Exploring the Effects of Nuclear Fusion of the Sun

The sun which lies in the center of the solar system plays a very important role in the daily life of Earth as well as to the inhabitants which roam within it. The sun is composed of many layers, it could almost be compared to an onion. The sun provides plants with the required energy to grow, without the heat and light that the sun produces living creatures would not be capable of sustaining adequate life on Earth. If the Sun were to not exist within an hour of disappearance the Earth would become a dark and cold planet, within a few days plants would start to die due to no sunlight for energy, if not wilting due to the cool air.

The sun is composed of many coatings, with layers varying in temperatures. Unlike the globe, which is composed of mainly iron, rock, water, as well as many other components, the Sun is mainly constructed of hydrogen gas. Similar to the Earth, the core of the Sun is the hottest point. The sun is mostly formed of about seventy percent hydrogen and about twenty-eight percent helium. The remainder of the Sun is made of carbon, nitrogen, as well as oxygen which make up 1.5 percent of the overall mass, while the remaining 0.5 percent is composed of small amounts of other elements including elements such as neon, iron, silicon, magnesium, and sulfur. The core of the Sun reaches temperatures as high as fifteen million Celsius, also known as twenty-seven million Fahrenheit. In addition to the intense heat of the core of the sun, there is also intense pressure.

This is evident in the vast amount of hydrogen molecules in the Sun’s core which are compressed and heated to a point of fusing together. This process is known as nuclear fusion, this converts hydrogen molecules into helium, the by-product which is stored in the Sun’s core is a massive amount of energy which gets radiated to the outer layer of the Sun and to the rest of the solar system. The sun is able to sustain such intense pressure and heat due to the contracting inward pressure which is produced by the gravitational force of all the gases that surround it, this is approximately estimated to be equal to two hundred and fifty billion atmospheres also known as twenty-five point three, three trillion KPa, and fifteen point seven million kelvin. Scientists like to propose that nuclear fusion began when a vast cloud of gas and particles, also known as a nebula which is believed to be collapsed under the force of its own gravity, which is known to be labeled as the Nebula Theory.

The core of the Sun is the section that expands from the center to about twenty to twenty-five percent of the solar radius. The core of the sun is the only section of the Sun that produces a considerable quantity of heat through the use of fusion. If truth be told, ninety-nine percent of the Sun’s energy which is produced occurs within twenty-four percent of the Sun’s solar radius. At about thirty percent of the solar radius, fusion has concluded almost completely. The remainder of the Sun is heated through the energy which is conducted through the consecutive layers, in time arriving at the solar photosphere clearing into space as sunlight or the kinetic energy of particles. The sun exerts power at a mass-energy conversion frequency of four point two, six million metric tons per second, which manufactures the equivalent of thirty- eight thousand four hundred and sixty septillion watts (3.846×1026 W) of energy per second. To put that into interpretation, this would be equivalent to one billion, eight hundred twenty million Tsar Bombas or 9.192×1010( also known as nine thousand two hundred and eighty-three point ninety-two) megatons of TNT per second.

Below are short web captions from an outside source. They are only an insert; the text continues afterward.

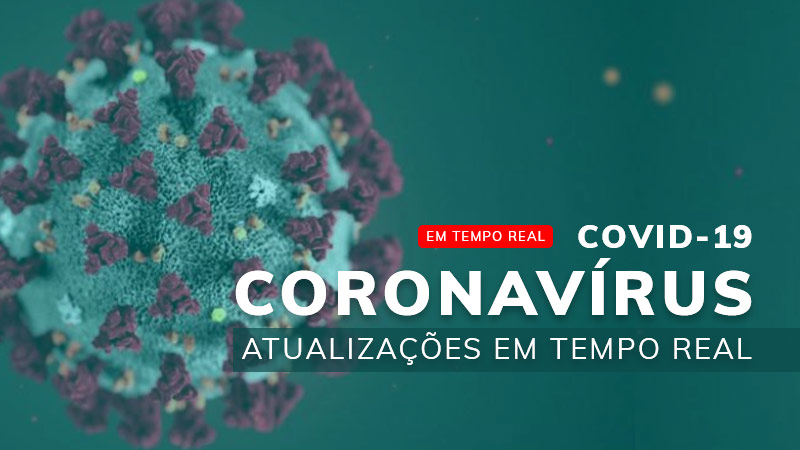 Boletim epidemiológico sai com erros e coloca em xeque informações sobre os  dados da Covid em Formosa do Rio Preto - Portal do Cerrado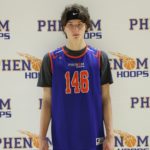 “Getting to Know” 6’8 2024 Landon Johnson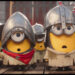 Regresan los minions y se publica lo nuevo de Murakami: las citas culturales de la semana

The radioactive zone of the Sun is the following layer from the core which expands to zero point seven percent of the solar radii. There is no thermal convection within this layer, however, the solar material within this layer contains enough heat and density to effectively rely only on thermal radiation to convey the intense heat in the core outwards. The succeeding layer is the convective zone which accounts for everything further than seventy percent of the inner solar radius or about two hundred thousand kilometers from the surface. In this section, the temperature is less than the radioactive zone and heavier atoms are not fully ionized. As a result, radioactive heat transportation is less successful, and the density is low enough to the point it allows convective currents to develop. This is also the layer in which sunspots occur, which emerge as darker areas compared to the surrounding area. These spots correlate to clusters within the magnetic flux field that inhibit convection and cause areas on the surface to decrease in temperature in comparison to the surrounding materials.

Ultimately, there is the photosphere, which is also known as the visible surface of the Sun. It is in this location that sunlight and heat are radiated and transferred to the surface and circulates into outer space. Temperatures in the section range between four thousand five hundred to six thousand kelvin. Due to the top of the photosphere being cooler than the lower section an image of the Sun will appear brighter in the middle than on the limb of the solar disk, this is a phenomenon known as limb darkening. There is enough hydrogen in the Sun to continue nuclear fusion for billions of years ahead, but unavoidably eventually all of the hydrogens would turn to helium causing the sun to collapse within itself. Without the Sun, Earth as humans know it will be a piece of ice on top on a rock. The sun warms our bodies of water to instate a process of water evaporation allowing proper weather cycles, such as rain, as well as providing photosynthesis for growing green plants that provide food and oxygen for the life on Earth.